# Good luck with that....



## Lucky13 (May 24, 2020)

At Amazon....glad that I've got it!


----------



## fubar57 (May 24, 2020)

Lordy...............


----------



## Lucky13 (May 24, 2020)

Sit at "only" £450 on Amazon....


----------



## RW Mk. III (May 24, 2020)

I don't understand the business model with these books. Yes you have a commodity item. But is anyone actually spending that much on one of these books? I don't care how rich you are that's financially irresponsible. Seems like the seller is just guaranteeing they have to warehouse the thing for eternity. And that's paying rent for a deadbeat roommate.

Is there an algorithm kicking these numbers out or is it just sheer optimistic greed.

Reactions: Agree Agree:
1 | Like List reactions


----------



## Capt. Vick (May 24, 2020)

No deal. Crazy


----------



## Hornchurch (Aug 7, 2020)

RW Mk.
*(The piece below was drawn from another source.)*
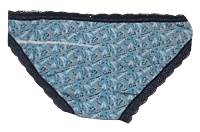 Fancy Mesh Printed Bikini Lacely Panty- Sky Blue Fancy Mesh Printed Bikini Lacely Panty- Sky Blue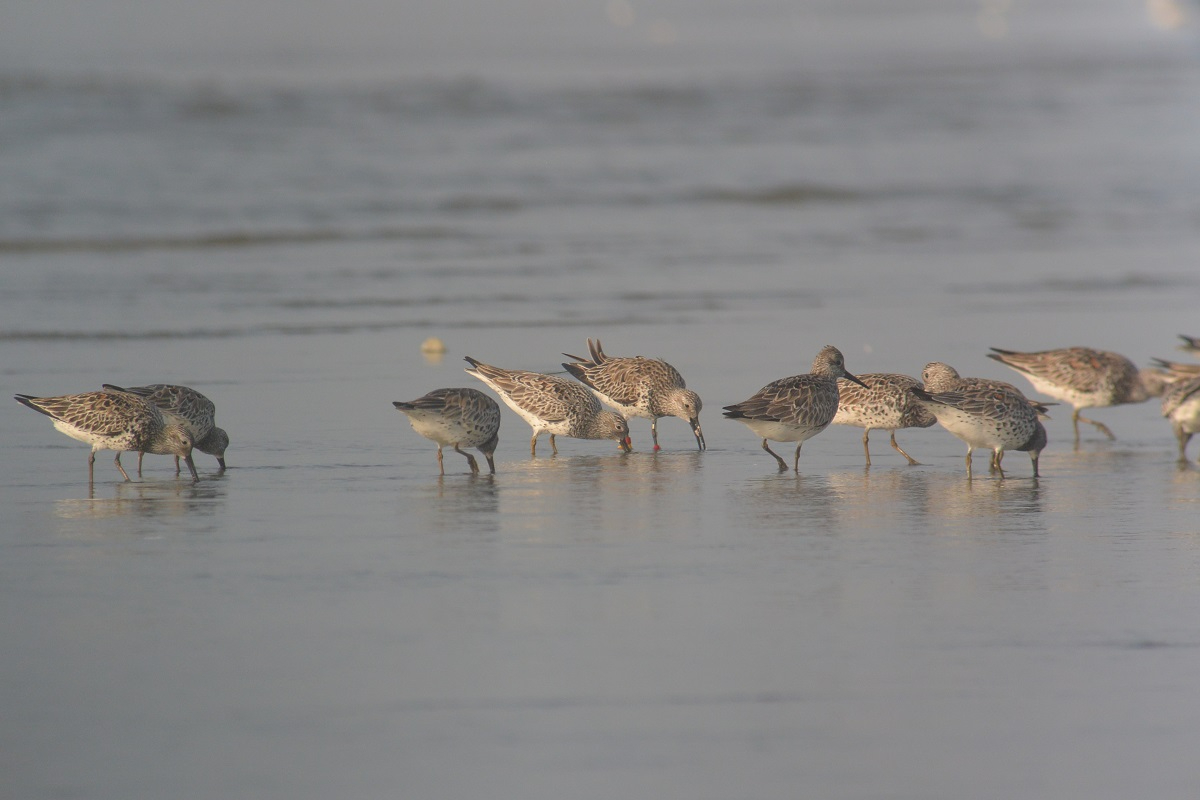 Great knot flock, including one individual carrying the satellite transmitter, at Raoping, Guangdong, China in April 2017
III said:


> *
> Is there an algorithm kicking these numbers out* or........


'


I can tell you for an absolute certain 100% degree that, "Yes, that IS the case, for real" - ("Algorithm")

I know, from strange & almost bitter-experience - I've had it happen THREE times, this year alone......
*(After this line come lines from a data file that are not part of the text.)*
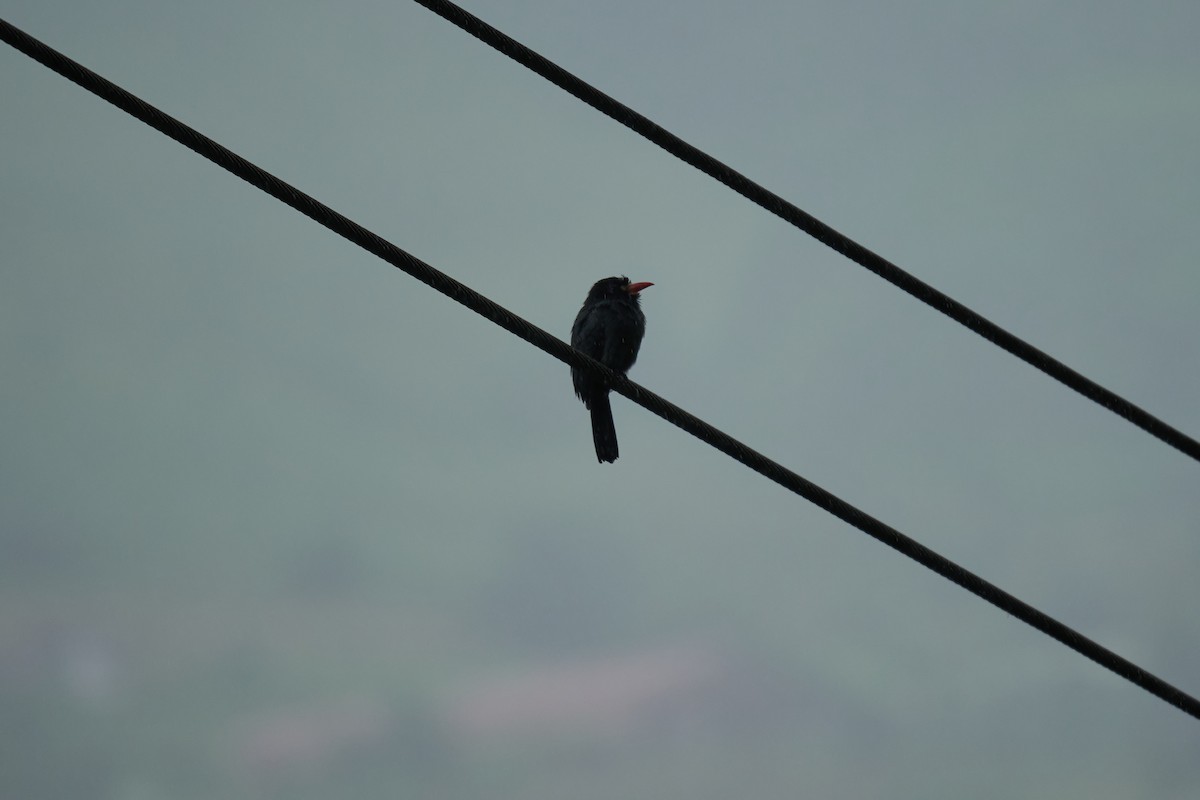 White-fronted Nunbird - ML644083680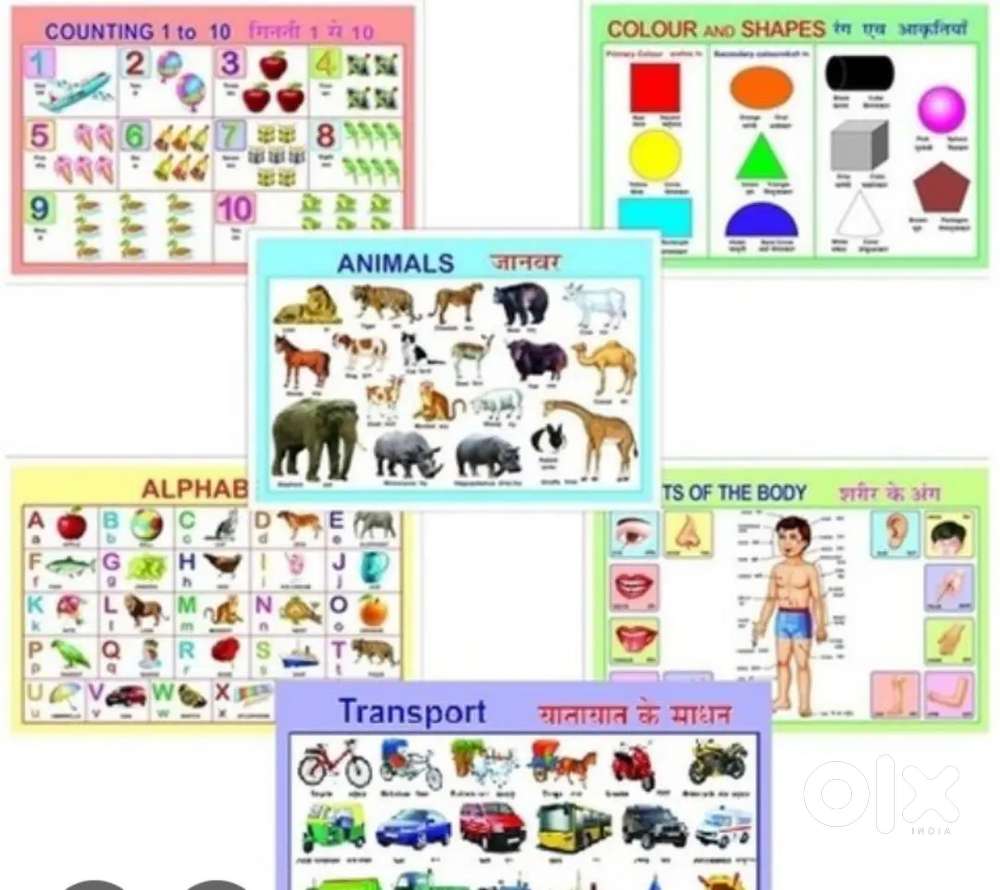 Required female class teacher Nursery to X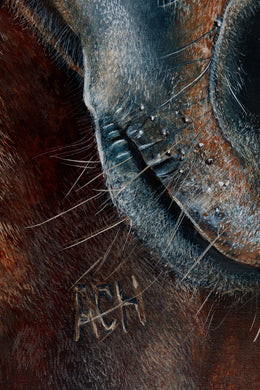 Hey Doc detail 2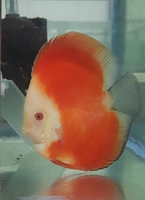 Cá cảnh nhật tân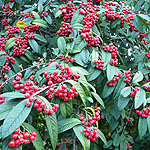 Cotoneaster frigidus - Vicaryi - 2nd Image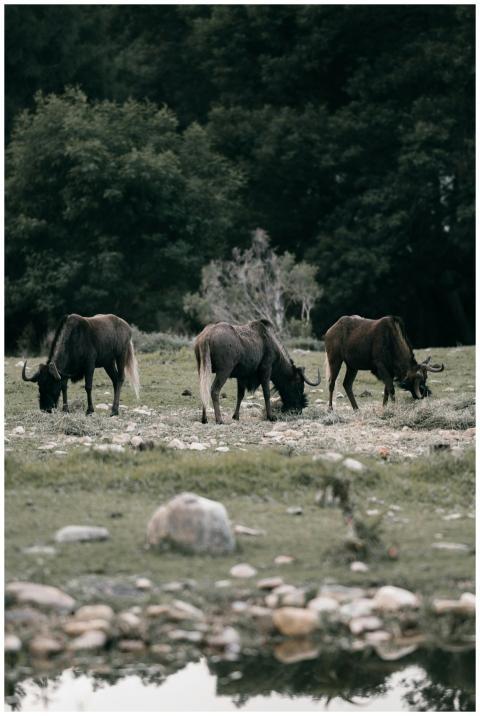 A serene view of wildebeest grazing on a grassland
There was a book that I wanted (I won't say which, as I'm still a few Volumes missing) = I kept tabs on it ('overwatch')

After a real heavy-spend (elsewhere), I thought...... "I'll have that next-week, as a new fiscal-month is commencing (for me).

Bookmarked it - Went back following-week (circa 5-6 days later) - Price had jumped from £4.85 plus P&P, to £44.85 ?
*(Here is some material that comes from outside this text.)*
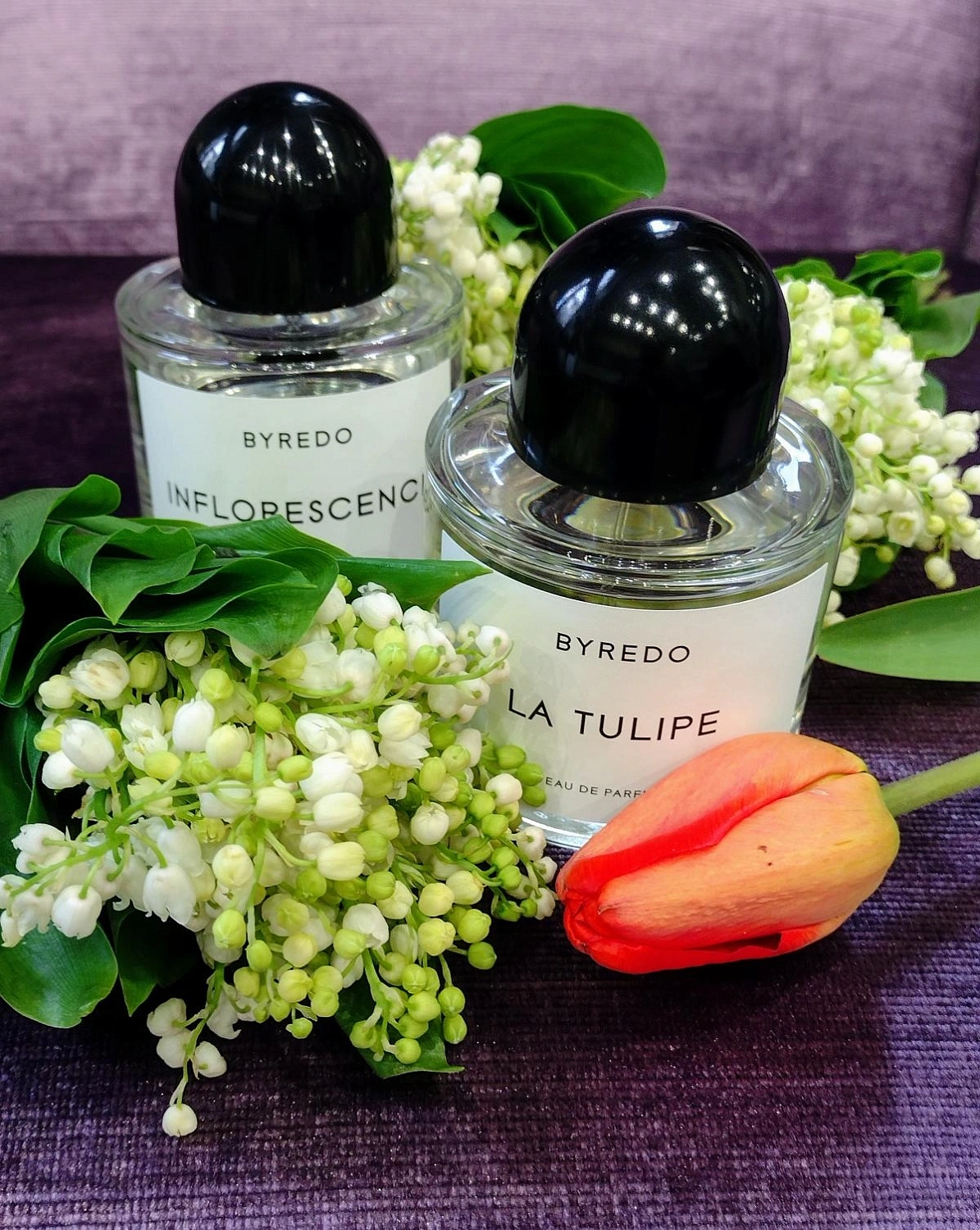 BYREDO Inflorescence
"Strange methinks" - "I mean, jumping from £4.85 to £44.85 = An EXACT 10 x times jump in price" (also noted by another family member

Cursed my luck (not having picked it up), BUT, having spent VERY heavily elsewhere - I wanted it "in" a bundle-deal.

Checked back TWICE - No change - Later again, No change. - 4th attempt = 1 month later & "Bingo", it was back down to £4.85

Given these series of books usually fetch about £25.00-£30.00, I knew I was doing well, but, the 'Algorithm' had also struck before.

Same on an AIRFIX AMRSTRONG WHITWORTH WHITLEY (1/72 kit) - Usually sub-£40.00, I watched 'em tumble, SLOWWWWWLY

Knowing "the game" (Algorithm), I waited & I waited & I waited...... Finally puled the trigger at £18.95 and bought TWO

It's happened yet again, this time on a book called 'Battle For Berlin' (Bombers) - Same $h!te as I related, earlier.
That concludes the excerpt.